When you reach the records below, output every one exactly as written but leave out any pictures.

· · · ·

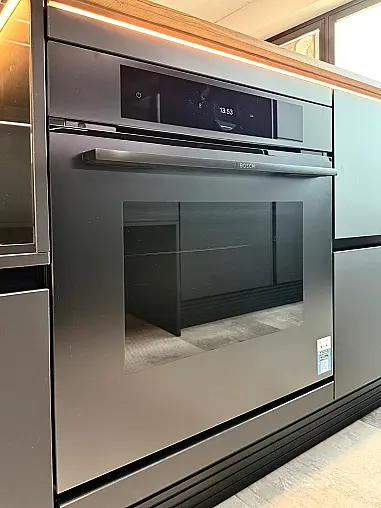 MIT BORA &amp; BOSCH ACCENT LINE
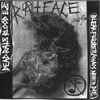 Ratface (4) - Dead Rats Blood E.P.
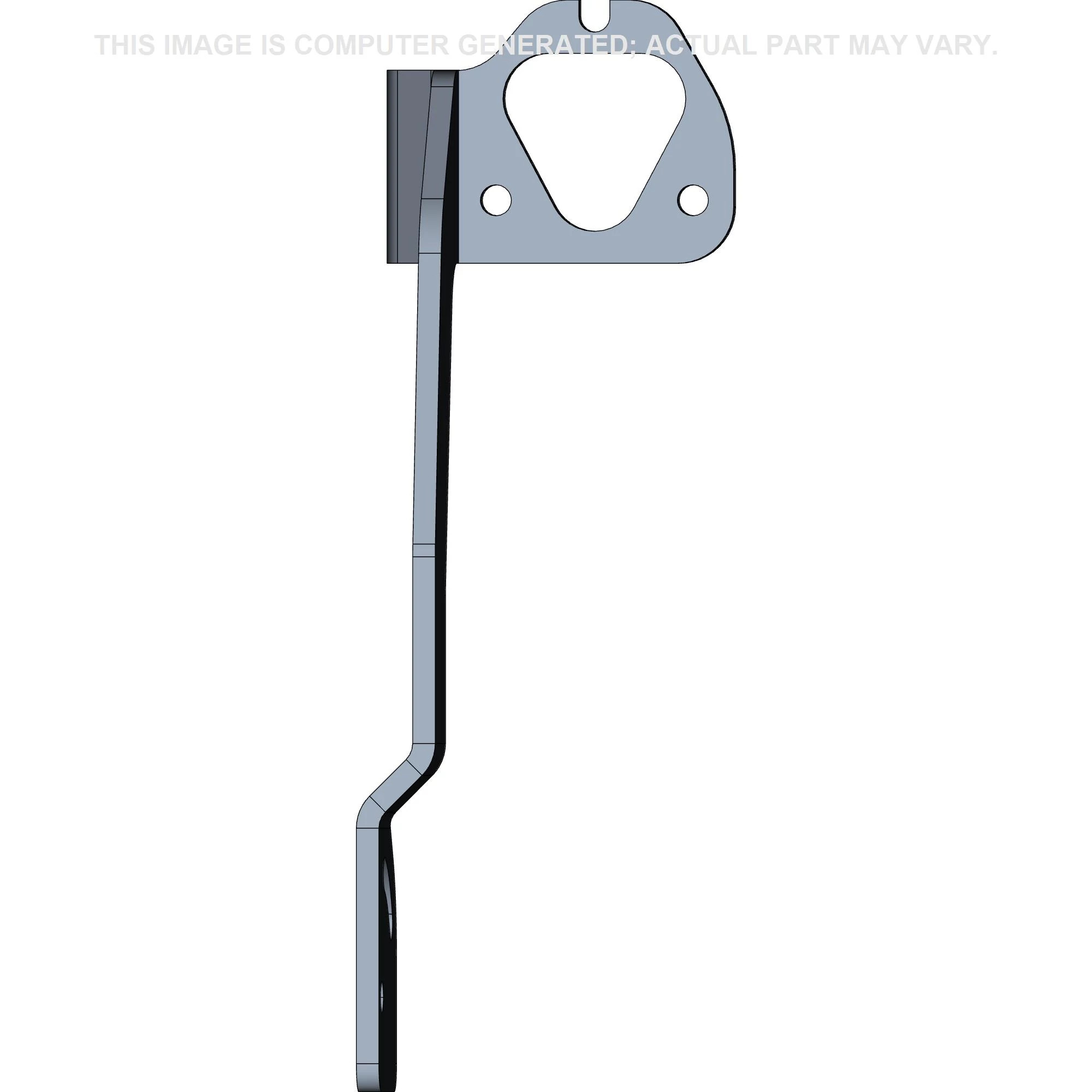 BRACKET | NEWHOLLANDAG | AMEA | FR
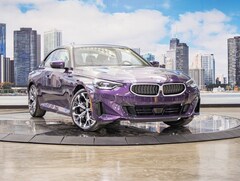 2026 BMW 230i xDrive Coupe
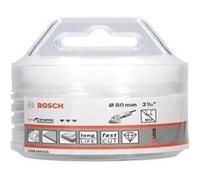 Foret à sec diamant Bosch X-LOCK Best for Ceramic Dry Speed Ø 80mm G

· · · ·

### ANSWER TO THE PROBLEM
 MIT BORA &amp; BOSCH ACCENT LINE
 Ratface (4) - Dead Rats Blood E.P.
 BRACKET | NEWHOLLANDAG | AMEA | FR
 2026 BMW 230i xDrive Coupe
 Foret à sec diamant Bosch X-LOCK Best for Ceramic Dry Speed Ø 80mm G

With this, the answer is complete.